Dalam perpeloncoan juga terdapat dua jenis manusia. Kita semua memang tidak suka pelonco, tetapi kita harus menghadapinya. Sebagian berani menghadapi kenyataan ini dengan bersikap sesuai. Dalam hal ini, aku tertawa-tawa saja sehingga ada senior yang bilang aku senang dipelonco. Aku mau hidup bahagia dalam situasi seperti ini. Tetapi ada pula yang marah-marah, mendendam, dan sebagainya. Dalam keadaan seperti ini perpeloncoan merupakan neraka bagi mereka. Mengapa kita tidak berani menghadapi kenyataan walau, bagaimana pun pahitnya? Mereka adalah orang-orang konyol, mereka adalah seperti tokoh-tokoh A. Chekov dalam Cherrie Orchard, dan tokoh-tokoh konyol lainnya. Be brave to face the facts.

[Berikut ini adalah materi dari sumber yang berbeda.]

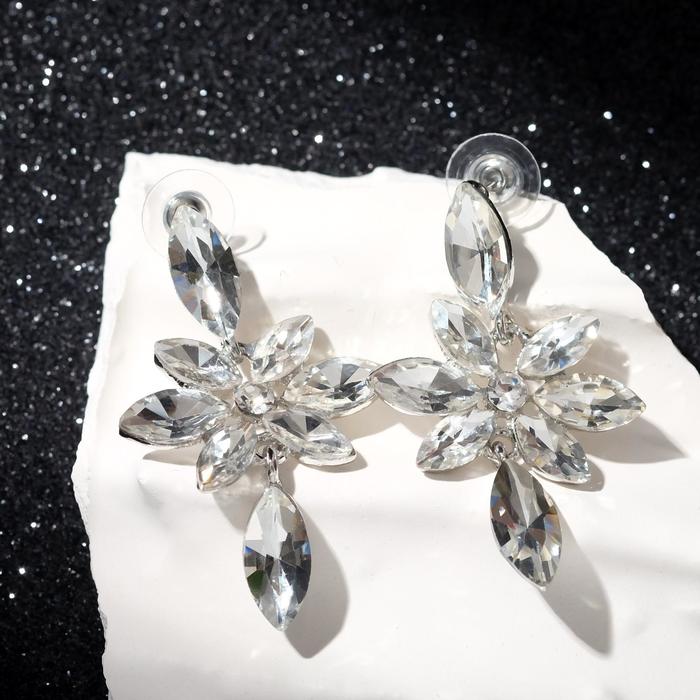 Серьги со стразами "Карнавал" всплеск, цвет белый в серебре
Серьги со стразами "Карнавал" всплеск, цвет белый в серебре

Setiap generasi memiliki tantangannya masing-masing dan faktor-faktor yang mempengaruhinya serta tentu saja keadaan kita telah begitu jauh dengan angkatan ’66, namun jika kita renungkan secara jujur memang tak ada yang bisa menolak bahwa perpeloncoan adalah gagasan yang dilematis. Kita dihadapkan pada keinginan kita untuk mengembangkan diri karena seperti Gie bilang perpeloncoan sangat efektif menempa mental, tapi di sisi lain kita juga pasti pada suatu titik merasa semua hal yang kita lakukan adalah sebuah kesia-siaan. Menarik. Mari kita ketengahkan dengan pikiran yang jernih, dimana Allah Swt, tidak menciptakan kita untuk sebuah senda gurau dan memang apa yang kita dapatkan sangatlah tergantung pada apa yang telah kita niatkan sejak awal. Maka upaya untuk terus mencari substansi di setiap kegiatan kita adalah hal yang harus selalu kita rutinkan dan begitu pula pemahaman bahwa konsekuensi segala perbuatan kita akan dimintai pertanggungjawabannya. Selain itu, sifat mawas diri harus selalu terpupuk bagi seluruh pemberi nasihat. Karena, pada dasarnya apa yang kita katakan dan apa yang kita titahkan sudah sepatutnya telah kita lakukan. Maka jika hal-hal itu telah terpenuhi, perpeloncoan yang ideal yang selalu kita idamkan bukan mustahil dapat terwujud.
***
Di suatu acara televisi, saat salah satu pemandu tur berhenti di depan Jalan Braga dan mulai bercerita, ada kegamangan di hati saya. Katanya, salah satu alasan mengapa Bandung dijuluki Parijs van Java saat zaman kolonial ialah bukan karena cuacanya tapi karena kemungkinan besar barang mewah terbaru eropa akan ada di Braga seminggu setelah rilisnya. Tapi bukan itu masalahnya melainkan tulisan Verboden voor honden en inlander (Dilarang masuk bagi anjing dan pribumi) yang katanya tersebar di sana hingga ke Jalan Asia Afrika, kawasan elite Bandung dahulu. Mungkin saja kolonial tidak sepenuhnya tercela, tapi memang bangsa kitalah sendiri yang begitu diskriminatif pada saudaranya sendiri dahulu, sehingga bangsa lain pun ikut berlaku sama. Untung saja semangat menak, golongan bangsawan, dan gelar feodal lainnya sudah tak ada sekarang. Namun peluangnya untuk kembali sangat besar ketika kaum terpelajar masih memelihara budaya diskriminatif yang tidak sehat.

Catatan:
1.   Soe Hok Gie, Catatan Seorang Demonstran. Jakarta: LP3ES, 1983, hlm. 114.